By | Hema Ravichandar | Strategic HR Advisory, former CHRO Infosys Ltd
I was at the Bangalore Literature Festival in late September. The initiative was a community effort—literally a by, of, and for the “relishers” kind of event. Interestingly, none of the five organizers were professional organizers but people with serious day jobs and supporting them wholeheartedly were swashbuckling CEOs, chairpersons, venture capitalists and government officials. They had all come together to put up the festival. Their reasons for championing this cause differed. For some it was the passion for literature, for others the need to create vibrant urban communities, and for some just the need to give back to society. But they all had one thing in common—an overriding interest or cause that they espoused beyond their day job. Call it a hobby, call it a passion, it was in every case a calling beyond their weekday 9am-9pm routine. Tomorrow they would be back, balancing the top line and the bottom line, governing cities and companies, clearing clogged email inboxes. But for this weekend, they had cleared the clutter and the calendar and were wholeheartedly indulging in their “other life”.
So what’s the big deal? What’s the benefit of having a cause to fill some of your spare hours? Why do I call this out and celebrate it?

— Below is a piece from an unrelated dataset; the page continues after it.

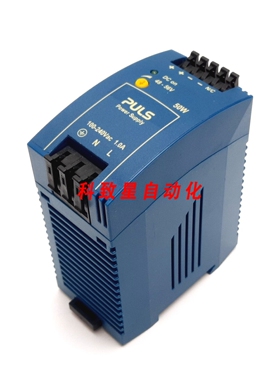 工业配件PULS ML50105电源输入100-240VAC1A 输出48-56VDC50W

Stress-buster par excellence
Yes, indeed. A leisure day or two thrown in breaks the monotony of the work-home routine, and you get energized by shifting gears and addressing very different issues. A CEO I know who runs a firm and is also a singer par excellence, swears that his passion has helped him handle ups and downs at work so much better. His fortnightly concerts require arduous practice and unswerving focus. “Singing with bhakti (devotion) and bhaav (emotion) elevates me to a different plane. My batteries get recharged; it’s my medication to cure even a fever or a headache but most importantly my consciousness also changes. It balances my right and left brain. I’m able to look even at my work issues with a different perspective. Indeed I get another angle to the same issue. And finally it helps me handle the disappointment of a flat quarter, especially when my concerts are a resounding success. Yes, indeed, it helps me take the downs and celebrate the ups in a different arena,” he tells me.

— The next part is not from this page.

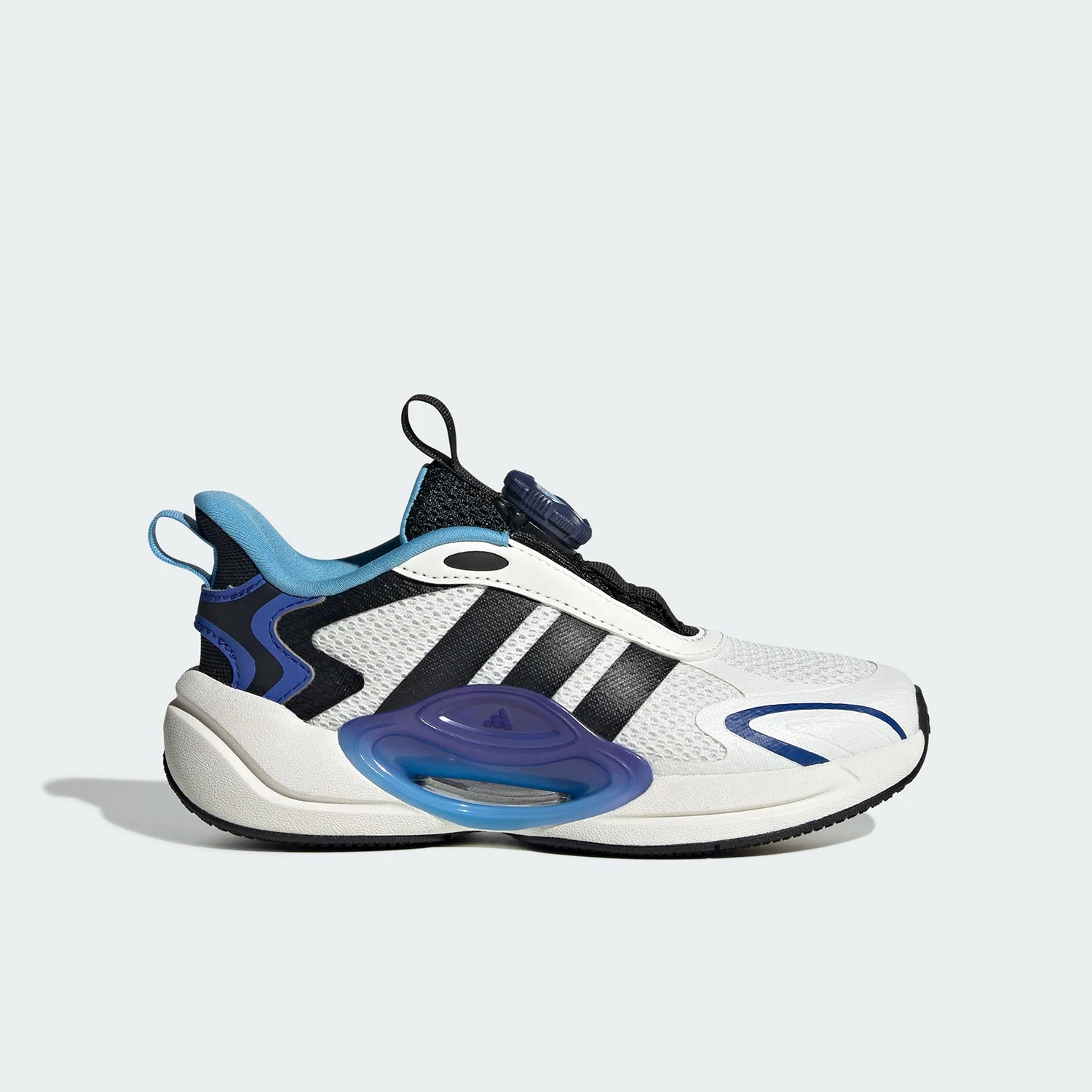 

Adidas genuine 2025 summer edition children's lightweight casual sports shoes JQ4502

A cause like this nipping at your heels at the end of your work week is also a great efficiency enhancer. You know you cannot procrastinate or put away an unpleasant, though necessary, work task to be cleared on a mythical free weekend, because those days are firmly meant for something else. A successful dermatologist I know, who moonlights as a general practitioner (GP) in some slums on two earmarked weekdays, told me how she ensured that the other four days of her work are planned to a tee so that she gets the most done around her speciality commitments at the hospital she practises in. “That way I get my GP days clean and believe me, they give me so much satisfaction. The funny thing is I am not at all tired at the end of these GP days, however packed the schedules are or unfriendly the work conditions may be.”
My favourite example is the transition of my former boss Nandan Nilekani from Infosys Ltd to the Unique Identification Authority of India (UIDAI). His involvement in such causes was progressive. And, along the way, there had been many thoughtful stops when he nurtured his passion for urban governance and spent much personal time on setting up institutions and initiatives which addressed this—like the BATF (Bangalore Agenda Task Force), JNNURM (Jawaharlal Nehru National Urban Renewal Mission), his impactful book Imagining India: Ideas for the New Century, the “India Everywhere” project at Davos, Switzerland, and the Indian Institute for Human Settlements, or IIHS,…. being but a few.

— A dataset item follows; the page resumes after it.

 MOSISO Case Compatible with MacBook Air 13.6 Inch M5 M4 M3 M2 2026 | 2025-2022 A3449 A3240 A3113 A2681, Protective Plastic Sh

Networks, useful and beyond the normal
A lot has been said about the benefits of networking and when you connect with something from a circle beyond your usual range, it brings with it a wider circle of contacts. Sometimes these relationships are purer because the causes are pure—beyond the common materialistic ones one encounters in the real world. They bring in more awareness, better perspectives, hidden insights and may even lead you to more interesting causes.
And when a person garners reputation in his chosen area of interest, respect comes knocking even from seniors in his professional line of work. A committed blood bank volunteer who I knew commanded recognition and fame because of the cause he had espoused. Bosses and seniors sought him out when they needed help and he had access to offices much beyond the normal reach of his immediate supervisors.
It’s uplifting for the soul too
Most folk who indulge in this “me” time, whether it is a social cause or a private interest, say that in following the path they find there is balm for the spirit too. Much like “Sleep that knits up the ravelled sleave of care”, which Shakespeare eulogized famously in Macbeth, a cause which is one’s own provides that fine edge to the act of living; difficult to articulate, but encouraging you to live in the moment too by teaching you gently to compartmentalize your life. Many stories abound of how retired professionals seem to lose interest in life itself and fall prey to illnesses, many of them psychosomatic. And yet when they have something to ease themselves into—a second career via an interest kept alive through their professional days—it seems to be such a morale and health booster. “My own vitamin H(ealth)”, said one individual to me.
As for me, I am still out there searching the great beyond for my own personal cause. What about you?